I can sometimes get riled up pretty easily.
Why, you ask? Because, dude, I’m a dad of 4 1/2 year-old twin toddlers, and the founder of a tech startup that, after four years, is still trying to get traction. It used to be that my drunk alter ego, "Tyrone", would only come out when I was, well, drunk. But because of said toddlers and tech startup crap, Tyrone is pretty much just out.
All. The. Time.
And Tyrone sometimes has to say his piece.
So when Tyrone recently saw an article titled, Cargo shorts are the worst thing a man can wear in the spring and summer — here’s what you should wear instead, over at Business Insider, Tyrone was like, “Awwww hell naw! These non-kids-having fools ain’t gon’ talk $h!t about Tyrone’s go-to wardrobe item.”
And because I have young twins, whom I call midget brain cell thieves (I swear I was smarter before I had twins), I don’t have the mental bandwidth to properly tear those cargo-shorts-haters a new one.
The solution? I reached out to a bunch of my dad blogger buddies on Facebook to see what they think.
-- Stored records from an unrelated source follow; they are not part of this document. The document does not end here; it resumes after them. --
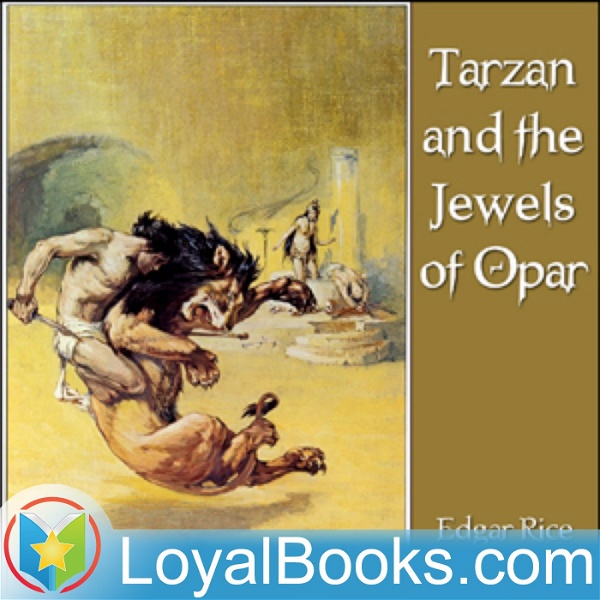Artwork for Tarzan and the Jewels of Opar by Edgar Rice Burroughs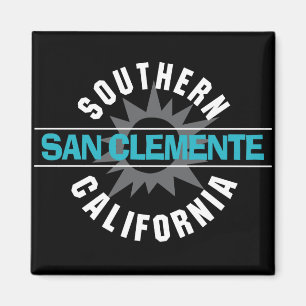 Southern California - San Clemente Magnet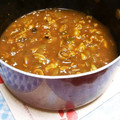 めみたん☆'s cooksnap of when they made 豚こまのキーマカレー風.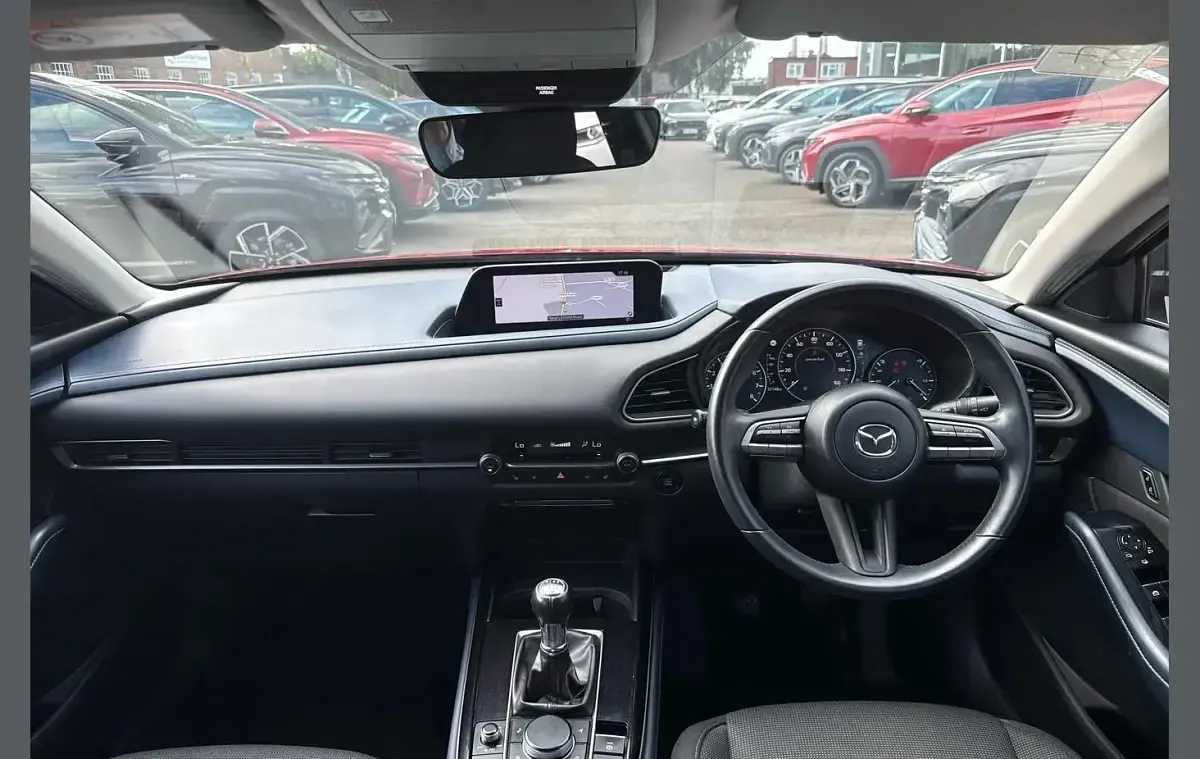 Used Mazda CX-30 177 HP (130 kW) 2020 Red SUV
Below is what some of them said.
Spike Zelenka, Doubletroubledaddy.com
Who’s hating on cargo shorts? Would I wear them to a wedding? Of course not. Will I wear them pretty much everywhere else? Absolutely! They were designed with twin parenting in mind. Do we have lots of stuff to look after as the father of twins? YES! And there’s a pocket on both sides. Coincidence? I think not!
to which Tyrone replied:
I will wear cargo shorts in a box. I will wear cargo shorts with a fox.
I will wear them here or there. I will wear cargo shorts anywhere!
Oh, and if we judged a woman based on what SHE wore, well, we know what kind of outcome that would bring.
In the article it says what do you even carry in those pockets – as the dad of twins I carry many items. Including my wallet, mobile phone, mini pack of wipes, bandaids, Neosporin, pocket knife, house/car keys, phone charger, treasures my kids have found during our day together, receipts from the day, pen/pencil, Moleskine notebook … and more.
Yeah. What Stacey said.
Nicholas Dinkel, Daddy Dink:
Open the article…then look at the pic comparing the chinos to the cargo shorts…why does the chino pic look like shaved chicken legs of maybe even a woman or prepubescent boy, while cargo is a nice hairy man leg with a bit more calf definition?
Judging by their pics, these bad boys don’t belong in chinos!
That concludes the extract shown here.